Give every line of the data again, unchanged, but with no pictures.

--- Recorded data Enclosed Below ---

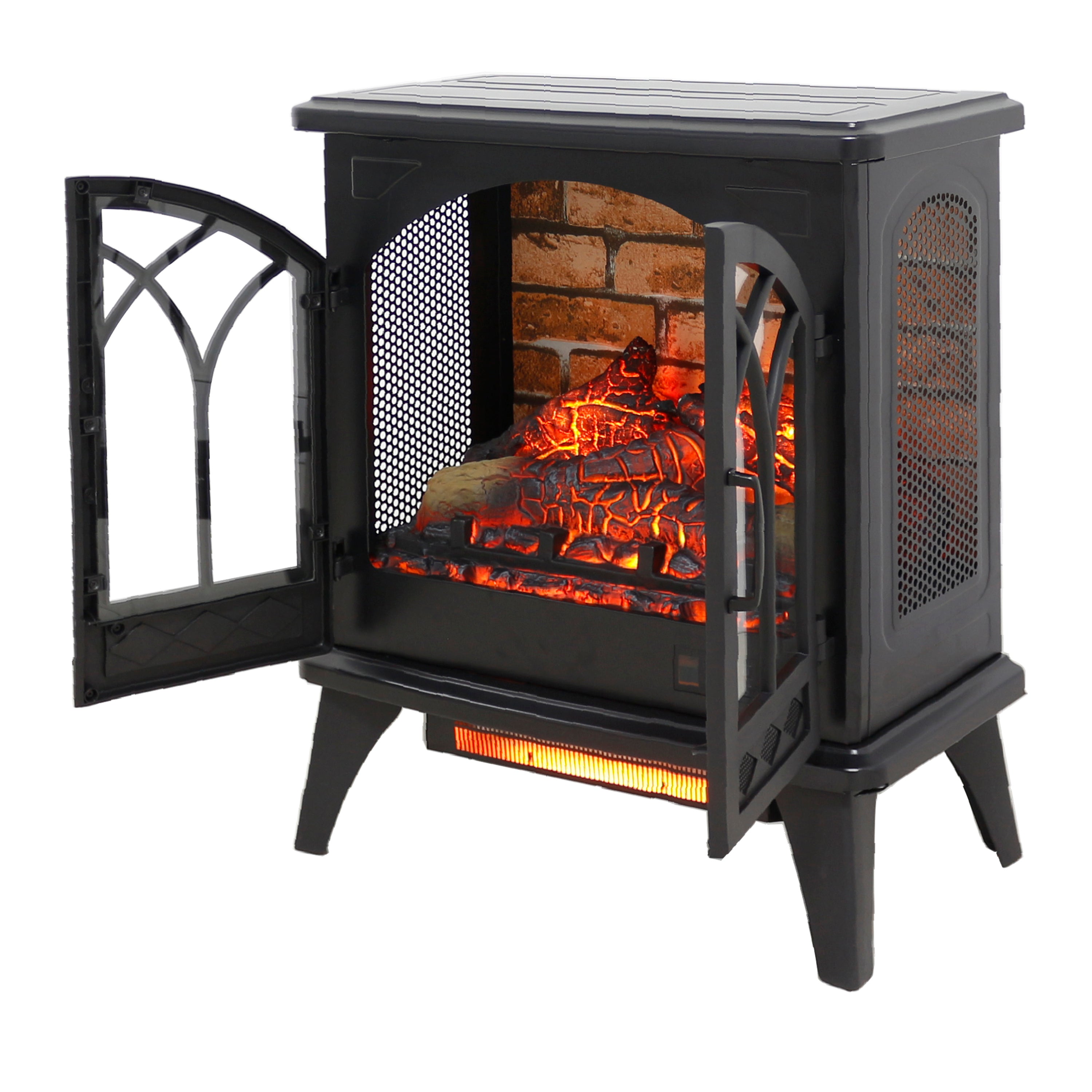 PAPROOS 24 inch Electric Fireplace Heater, Freestanding Quartz Fireplace Infrared Stove Heater with 3D Flame Effect Remote Control, Timer, Safety Protection Heater for Indoor, 1500W, Antique Black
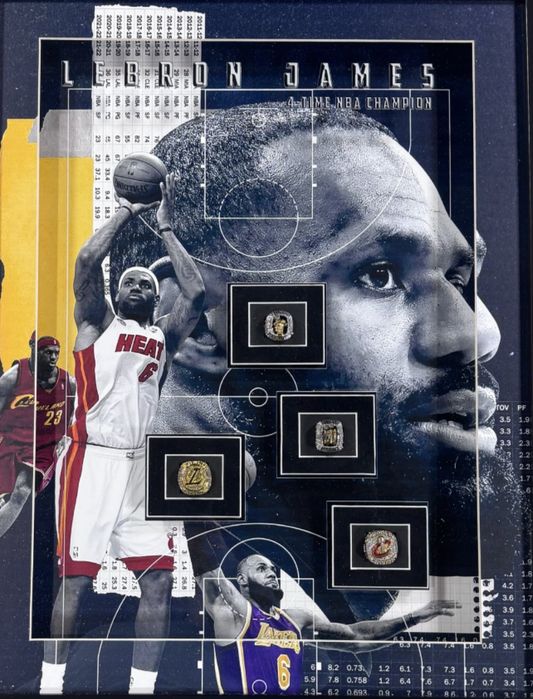 LeBron James Championship Rings 3D Framed Shadowbox Miami Heat Cavs LA Lakers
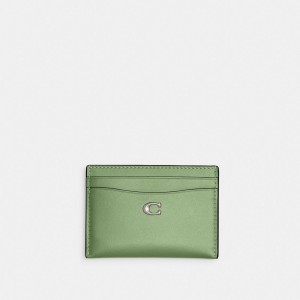 Coach Essential Card Case Refined Calf Leather/Silver/Pale Pistachio | COH865570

--- End of Enclosed Recorded data ---

Answer to the problem:
 PAPROOS 24 inch Electric Fireplace Heater, Freestanding Quartz Fireplace Infrared Stove Heater with 3D Flame Effect Remote Control, Timer, Safety Protection Heater for Indoor, 1500W, Antique Black
 LeBron James Championship Rings 3D Framed Shadowbox Miami Heat Cavs LA Lakers
 Coach Essential Card Case Refined Calf Leather/Silver/Pale Pistachio | COH865570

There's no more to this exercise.